(TASK):
From the line with "AKC CHAMPION BLOODLINE" to the line with "有趣的微笑黑猩猩猴子穿精灵他孤立的黑色的蓝色的圣诞节背景闪亮的星星", retype each line exactly as it stands in the records below, but skip the pictures.

(EXTRACTED RECORDS):
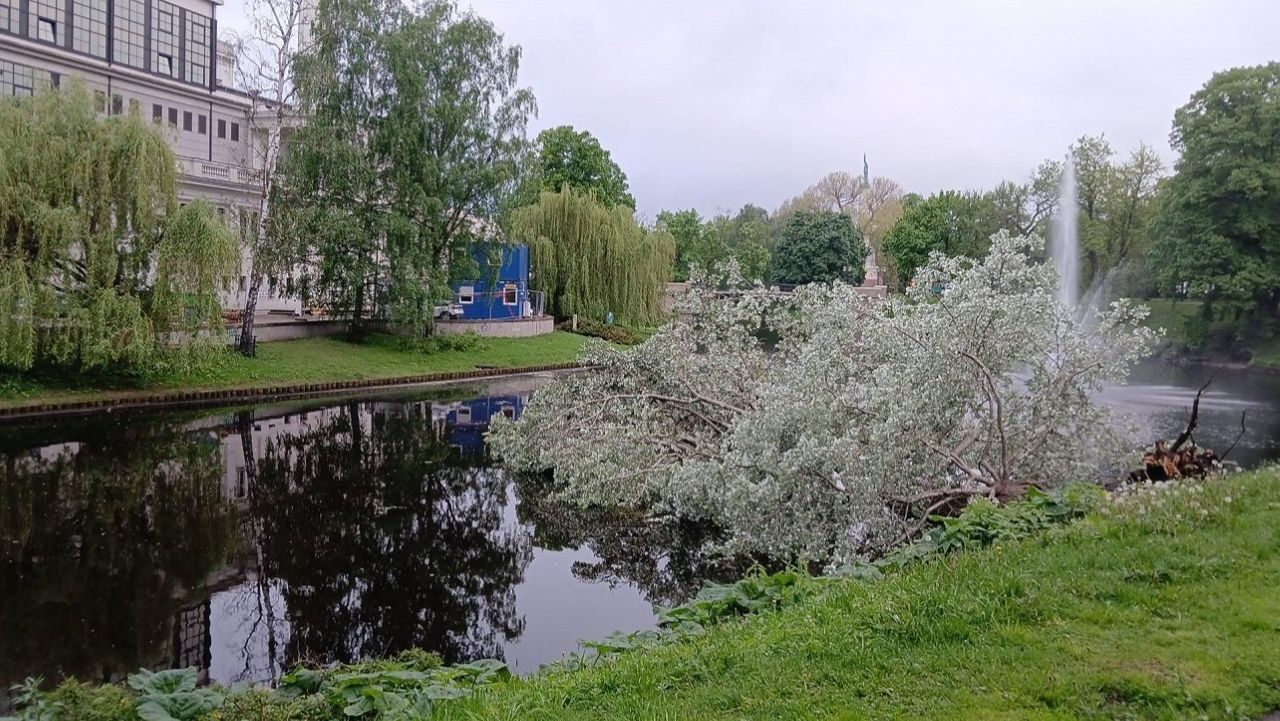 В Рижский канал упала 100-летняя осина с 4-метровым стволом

---

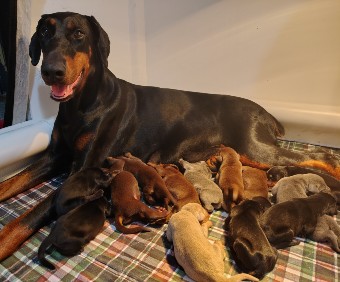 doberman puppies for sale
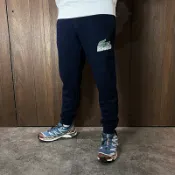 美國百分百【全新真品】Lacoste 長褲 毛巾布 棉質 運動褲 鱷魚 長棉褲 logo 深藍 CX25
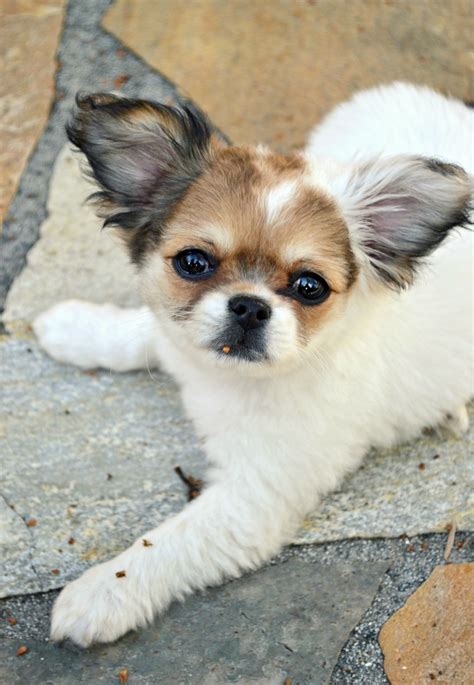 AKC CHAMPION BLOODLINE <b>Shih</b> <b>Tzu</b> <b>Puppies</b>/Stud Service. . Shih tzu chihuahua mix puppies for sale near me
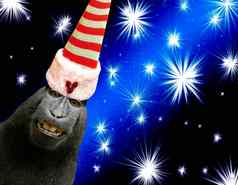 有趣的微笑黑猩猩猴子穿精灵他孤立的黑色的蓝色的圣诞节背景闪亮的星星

(EXPECTED ANSWER):
 AKC CHAMPION BLOODLINE <b>Shih</b> <b>Tzu</b> <b>Puppies</b>/Stud Service. . Shih tzu chihuahua mix puppies for sale near me
 有趣的微笑黑猩猩猴子穿精灵他孤立的黑色的蓝色的圣诞节背景闪亮的星星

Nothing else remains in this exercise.